Rust’s Foreign Function Interface (FFI) allows Rust code to interact with code written in other programming languages, such as C. In this article, we will explore Rust’s FFI capabilities by building a program that interfaces with a C library using Rust’s FFI. Specifically, we will use Rust to call a C library function that computes the sum of two integers.

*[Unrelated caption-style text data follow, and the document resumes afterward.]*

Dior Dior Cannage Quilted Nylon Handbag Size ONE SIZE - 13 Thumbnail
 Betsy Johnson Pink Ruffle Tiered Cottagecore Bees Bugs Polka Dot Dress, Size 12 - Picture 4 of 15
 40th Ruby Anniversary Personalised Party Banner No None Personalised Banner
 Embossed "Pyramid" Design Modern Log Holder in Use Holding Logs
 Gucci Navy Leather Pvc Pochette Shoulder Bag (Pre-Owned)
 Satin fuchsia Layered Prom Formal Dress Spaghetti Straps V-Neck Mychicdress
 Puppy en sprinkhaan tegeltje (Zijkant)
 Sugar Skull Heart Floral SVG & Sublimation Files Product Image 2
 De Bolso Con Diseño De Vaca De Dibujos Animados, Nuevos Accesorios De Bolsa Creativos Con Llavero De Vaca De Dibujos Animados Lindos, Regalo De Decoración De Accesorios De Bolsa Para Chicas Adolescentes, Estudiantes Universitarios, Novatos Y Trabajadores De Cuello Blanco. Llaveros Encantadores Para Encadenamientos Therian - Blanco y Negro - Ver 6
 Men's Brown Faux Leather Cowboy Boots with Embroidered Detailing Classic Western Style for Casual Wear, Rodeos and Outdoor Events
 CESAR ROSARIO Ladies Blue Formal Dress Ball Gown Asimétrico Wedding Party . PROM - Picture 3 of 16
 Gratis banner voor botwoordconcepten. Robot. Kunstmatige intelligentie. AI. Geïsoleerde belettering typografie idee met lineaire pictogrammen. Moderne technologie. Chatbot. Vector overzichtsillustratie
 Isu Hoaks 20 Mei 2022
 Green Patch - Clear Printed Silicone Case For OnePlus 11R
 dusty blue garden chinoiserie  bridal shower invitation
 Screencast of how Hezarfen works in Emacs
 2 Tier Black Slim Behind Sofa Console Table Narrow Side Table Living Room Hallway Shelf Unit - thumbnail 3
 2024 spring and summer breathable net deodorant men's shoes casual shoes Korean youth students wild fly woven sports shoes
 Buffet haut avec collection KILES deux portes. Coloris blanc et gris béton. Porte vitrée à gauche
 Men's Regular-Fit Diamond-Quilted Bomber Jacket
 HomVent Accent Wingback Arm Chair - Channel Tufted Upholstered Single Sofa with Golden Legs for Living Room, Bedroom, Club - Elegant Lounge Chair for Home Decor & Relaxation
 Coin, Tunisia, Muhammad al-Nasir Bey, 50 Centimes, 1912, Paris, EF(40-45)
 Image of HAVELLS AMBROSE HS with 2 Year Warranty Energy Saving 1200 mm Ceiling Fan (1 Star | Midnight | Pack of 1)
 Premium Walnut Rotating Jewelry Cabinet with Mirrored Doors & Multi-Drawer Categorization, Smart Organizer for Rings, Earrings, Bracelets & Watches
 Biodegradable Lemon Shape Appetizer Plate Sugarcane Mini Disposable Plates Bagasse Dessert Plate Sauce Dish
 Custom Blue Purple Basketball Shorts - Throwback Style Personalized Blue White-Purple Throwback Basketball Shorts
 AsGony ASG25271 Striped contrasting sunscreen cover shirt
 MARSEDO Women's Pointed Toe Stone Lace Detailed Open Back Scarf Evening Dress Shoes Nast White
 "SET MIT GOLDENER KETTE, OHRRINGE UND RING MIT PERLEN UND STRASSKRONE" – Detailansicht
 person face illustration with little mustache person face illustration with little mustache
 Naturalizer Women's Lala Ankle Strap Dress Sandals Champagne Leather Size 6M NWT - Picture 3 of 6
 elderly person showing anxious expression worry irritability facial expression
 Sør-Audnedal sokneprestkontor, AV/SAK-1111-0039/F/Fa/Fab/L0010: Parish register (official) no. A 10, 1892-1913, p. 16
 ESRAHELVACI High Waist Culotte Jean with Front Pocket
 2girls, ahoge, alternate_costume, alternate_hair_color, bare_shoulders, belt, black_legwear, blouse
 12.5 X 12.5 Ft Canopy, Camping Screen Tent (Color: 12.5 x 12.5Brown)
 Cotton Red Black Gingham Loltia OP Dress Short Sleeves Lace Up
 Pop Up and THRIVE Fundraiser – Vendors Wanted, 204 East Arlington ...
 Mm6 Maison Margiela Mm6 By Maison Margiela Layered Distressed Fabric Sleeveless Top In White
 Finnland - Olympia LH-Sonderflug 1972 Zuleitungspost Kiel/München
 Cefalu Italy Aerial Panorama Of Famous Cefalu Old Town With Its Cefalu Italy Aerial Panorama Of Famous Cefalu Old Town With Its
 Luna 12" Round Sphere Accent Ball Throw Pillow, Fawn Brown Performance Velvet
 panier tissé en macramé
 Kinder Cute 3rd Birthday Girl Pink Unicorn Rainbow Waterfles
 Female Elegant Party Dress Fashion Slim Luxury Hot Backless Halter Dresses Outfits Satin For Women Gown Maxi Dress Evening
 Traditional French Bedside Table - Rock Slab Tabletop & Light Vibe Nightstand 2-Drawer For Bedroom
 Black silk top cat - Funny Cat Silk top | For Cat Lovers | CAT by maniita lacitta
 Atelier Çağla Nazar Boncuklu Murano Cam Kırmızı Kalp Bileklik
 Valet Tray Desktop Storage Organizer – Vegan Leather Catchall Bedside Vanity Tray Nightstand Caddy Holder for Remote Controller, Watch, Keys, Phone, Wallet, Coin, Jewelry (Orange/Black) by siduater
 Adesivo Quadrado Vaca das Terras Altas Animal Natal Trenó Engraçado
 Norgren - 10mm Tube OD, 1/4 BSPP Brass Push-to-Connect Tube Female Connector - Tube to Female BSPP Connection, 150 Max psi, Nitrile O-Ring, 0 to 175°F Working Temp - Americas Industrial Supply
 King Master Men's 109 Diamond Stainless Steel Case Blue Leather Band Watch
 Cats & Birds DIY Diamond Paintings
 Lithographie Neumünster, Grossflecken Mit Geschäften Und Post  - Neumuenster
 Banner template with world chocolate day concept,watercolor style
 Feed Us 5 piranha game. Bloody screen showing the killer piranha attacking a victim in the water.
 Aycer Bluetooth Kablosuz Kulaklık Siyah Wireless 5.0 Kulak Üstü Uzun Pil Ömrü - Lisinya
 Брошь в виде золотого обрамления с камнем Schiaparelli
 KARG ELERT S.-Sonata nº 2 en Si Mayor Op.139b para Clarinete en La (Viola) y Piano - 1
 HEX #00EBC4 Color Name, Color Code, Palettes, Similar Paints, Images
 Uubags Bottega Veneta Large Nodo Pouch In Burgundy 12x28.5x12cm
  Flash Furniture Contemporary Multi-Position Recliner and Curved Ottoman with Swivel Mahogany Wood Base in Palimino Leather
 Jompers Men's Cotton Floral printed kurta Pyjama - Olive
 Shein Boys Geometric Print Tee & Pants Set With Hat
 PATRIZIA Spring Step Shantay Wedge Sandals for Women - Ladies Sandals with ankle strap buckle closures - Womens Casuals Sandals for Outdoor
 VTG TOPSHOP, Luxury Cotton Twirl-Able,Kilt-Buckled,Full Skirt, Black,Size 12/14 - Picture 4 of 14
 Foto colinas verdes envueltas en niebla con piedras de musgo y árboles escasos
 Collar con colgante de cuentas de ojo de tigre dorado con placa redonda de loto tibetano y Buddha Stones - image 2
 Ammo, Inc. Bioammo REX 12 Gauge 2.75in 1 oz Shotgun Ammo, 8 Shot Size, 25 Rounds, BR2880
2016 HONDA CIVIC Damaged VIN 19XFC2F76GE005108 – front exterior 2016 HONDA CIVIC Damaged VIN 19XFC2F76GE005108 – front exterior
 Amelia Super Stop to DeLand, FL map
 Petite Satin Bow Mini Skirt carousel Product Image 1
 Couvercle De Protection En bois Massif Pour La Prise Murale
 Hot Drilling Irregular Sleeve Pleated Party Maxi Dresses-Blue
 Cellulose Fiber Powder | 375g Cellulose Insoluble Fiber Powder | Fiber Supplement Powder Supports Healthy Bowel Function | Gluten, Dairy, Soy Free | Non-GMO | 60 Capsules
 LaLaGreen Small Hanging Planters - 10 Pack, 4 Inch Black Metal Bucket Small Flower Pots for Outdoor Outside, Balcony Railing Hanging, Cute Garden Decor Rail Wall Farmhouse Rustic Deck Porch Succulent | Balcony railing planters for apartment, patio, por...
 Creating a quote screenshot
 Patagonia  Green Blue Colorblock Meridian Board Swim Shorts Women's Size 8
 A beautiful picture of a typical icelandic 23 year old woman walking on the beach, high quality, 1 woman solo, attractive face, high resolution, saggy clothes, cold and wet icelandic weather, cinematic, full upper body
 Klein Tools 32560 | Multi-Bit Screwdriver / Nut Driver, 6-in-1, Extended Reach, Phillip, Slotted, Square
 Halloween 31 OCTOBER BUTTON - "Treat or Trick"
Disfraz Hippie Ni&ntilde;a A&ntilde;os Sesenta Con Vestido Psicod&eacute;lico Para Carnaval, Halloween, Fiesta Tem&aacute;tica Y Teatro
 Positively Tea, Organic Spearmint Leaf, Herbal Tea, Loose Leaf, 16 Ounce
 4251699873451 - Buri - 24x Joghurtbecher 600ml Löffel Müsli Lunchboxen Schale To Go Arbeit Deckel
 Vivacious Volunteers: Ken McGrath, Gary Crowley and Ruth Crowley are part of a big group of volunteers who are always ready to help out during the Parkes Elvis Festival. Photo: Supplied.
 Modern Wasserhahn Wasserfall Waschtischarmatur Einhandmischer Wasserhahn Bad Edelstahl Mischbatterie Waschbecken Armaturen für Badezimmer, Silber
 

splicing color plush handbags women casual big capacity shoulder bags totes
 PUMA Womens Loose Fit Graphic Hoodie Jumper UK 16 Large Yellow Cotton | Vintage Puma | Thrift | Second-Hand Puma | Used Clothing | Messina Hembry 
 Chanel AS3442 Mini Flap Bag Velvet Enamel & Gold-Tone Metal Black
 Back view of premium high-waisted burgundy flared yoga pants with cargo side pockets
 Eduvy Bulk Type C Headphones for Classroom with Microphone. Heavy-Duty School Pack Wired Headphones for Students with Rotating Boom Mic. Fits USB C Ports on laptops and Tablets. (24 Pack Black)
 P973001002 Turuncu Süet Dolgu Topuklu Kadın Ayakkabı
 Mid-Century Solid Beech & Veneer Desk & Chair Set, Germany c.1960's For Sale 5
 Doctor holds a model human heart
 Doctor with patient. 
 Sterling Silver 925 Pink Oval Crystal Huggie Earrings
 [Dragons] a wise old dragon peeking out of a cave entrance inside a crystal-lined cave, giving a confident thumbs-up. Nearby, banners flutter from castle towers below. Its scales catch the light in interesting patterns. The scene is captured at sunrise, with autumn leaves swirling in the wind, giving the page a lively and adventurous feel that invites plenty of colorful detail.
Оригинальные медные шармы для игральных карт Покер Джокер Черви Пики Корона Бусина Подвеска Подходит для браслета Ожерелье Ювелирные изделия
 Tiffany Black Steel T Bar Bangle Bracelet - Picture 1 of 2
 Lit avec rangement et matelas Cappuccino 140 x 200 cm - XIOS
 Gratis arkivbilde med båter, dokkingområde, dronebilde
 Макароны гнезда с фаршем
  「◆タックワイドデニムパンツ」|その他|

Let’s start by creating a new Rust project using the cargo tool. Open a terminal window and run the following command:
cargo new ffi
This will create a new Rust project called ffi in a directory with the same name. Next, we will create a C source file called sum.c that defines a function that computes the sum of two integers. Here’s what sum.c should look like:
#include <stdio.h>
int sum(int x, int y) {
return x + y;
}
This code defines a simple function called sum that takes two integer arguments and returns their sum. We will use Rust to call this function using FFI.
Next, we need to create a Rust source file that will use FFI to call the sum function. Create a new file called src/main.rs and add the following code:
use std::os::raw::c_int;
use std::ffi::CString;
#[link(name = "sum")]
extern "C" {
fn sum(x: c_int, y: c_int) -> c_int;
}
fn main() {
let x = 1;
let y = 2;
let result = unsafe { sum(x, y) };
println!("The sum of {} and {} is {}.", x, y, result);
}
Let’s go over this code and explain how Rust’s FFI capabilities work.
The use statements at the beginning of the file import the c_int type from the std::os::raw module and the CString type from the std::ffi module. The c_int type is used to represent C int types in Rust, and the CString type is used to create null-terminated C-style strings from Rust strings.
Next, we use the #[link] attribute to link to the sum C library. The name argument specifies the name of the library, which is sum in this case. The extern “C” block declares the sum function as an external C function that takes two c_int arguments and returns a c_int result.
Inside the main function, we define two variables x and y that represent the integers to be added. We then call the sum function using the unsafe keyword, which is required when calling external functions using FFI. The result of the function call is stored in the result variable.
Finally, we use the println! macro to print the result of the computation.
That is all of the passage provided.